O que queremos? O que podemos? Através da educação para e pelos Direitos Humanos conhecer, promover e difundir princípios “mínimos” de ordenamento social contemporâneo podem ser desafios utópicos e inalcançáveis. Isso se dará de maneira mais acirrada em tempos incertos; mas, sobretudo, quando os princípios orientadores da educação formal estiverem atrelados à uma lógica de conformidade-conformismo impositiva com o capital.

Figura 3 – Evocação de palavras Educação e Direitos Humanos

Sem direcionar-se por movimentações intensas e pró-ativas para diálogos e intercâmbios conscientes e ampliados, não haverá possibilidade de ir “além do capital”, encontrando caminhos e práticas abrangentes como “a própria vida”. A educação formal e informal não poderá, entrementes, ser emancipadora e realizadora das maiores “expressões de Humanidade”, nas palavras de Ulpiano Bezerra de Meneses (1992).
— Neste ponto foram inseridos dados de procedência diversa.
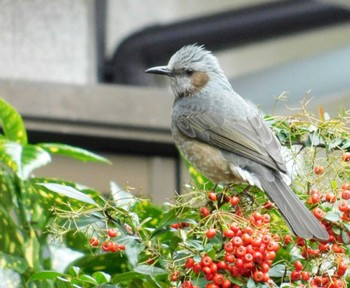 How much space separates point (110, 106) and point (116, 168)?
53 cm

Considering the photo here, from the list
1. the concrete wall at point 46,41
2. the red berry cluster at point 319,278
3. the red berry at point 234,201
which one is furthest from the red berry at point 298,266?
the concrete wall at point 46,41

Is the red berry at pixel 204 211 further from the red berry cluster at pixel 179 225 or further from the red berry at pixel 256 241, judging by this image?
the red berry at pixel 256 241

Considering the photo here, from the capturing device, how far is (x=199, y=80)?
5430 mm

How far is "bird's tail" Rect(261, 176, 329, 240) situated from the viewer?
3.25 m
“Compete à educação crítica, pela pedagogia, pela aprendizagem e pela prática da participação, contribuir para fluidificar comunicacionalmente o poder, para expandir o espaço público, para construir a cosmopoliticidade democrática, a qual exige de cada um de nós que sejamos não apenas cidadãos do mundo, mas, acima de tudo, ‘cidadãos para o mundo’”. (ESTEVÃO, 2012, p. 265).

 

Referências

ARENDT, Hannah. Compreender: fomação, exílio e totalitarismo. São Paulo: Companhia das Letras, 2008.

DUBET, François. O que é uma escola justa. Cadernos de Pesquisa, São Paulo, v. 34, n. 123, p. 539-555, set./dez. 2004.

ESTEVÃO, Carlos V. Políticas e valores em educação: repensar a educação e a escola pública como um direito. Porto: Humus, 2012.

FREIRE, Paulo. Pedagogia da indignação. São Paulo: UNESP, 2017.

GOMES, Celma Borges. A banalização da vida, suas conseqüências e seus condicionantes. Revista de Ciências Médicas e Biológicas, Salvador, v. 3, n. 1, p. 89-107, jul. 2010. Disponível em: <http://www.portalseer.ufba.br/index.php/cmbio/article/view/4414/3272>. Acesso em: 24 maio. 2019.

MENESES, Ulpiano T. Bezerra. A história, cativa da memória?: para um mapeamento da memória no campo das ciências sociais. Revista do Instituto de Estudos Brasileiros, n. 34, p. 9-23, 1992.

OLIVEIRA, Manfredo Araújo de. Direitos humanos no diálogo entre os campos de conhecimento. Revista Katálysis, Florianópolis, v. 14, n. 2, p. 147-149, 2011.

SEN, Amartya. A ideia de justiça. São Paulo: Companhia das Letras, 2011.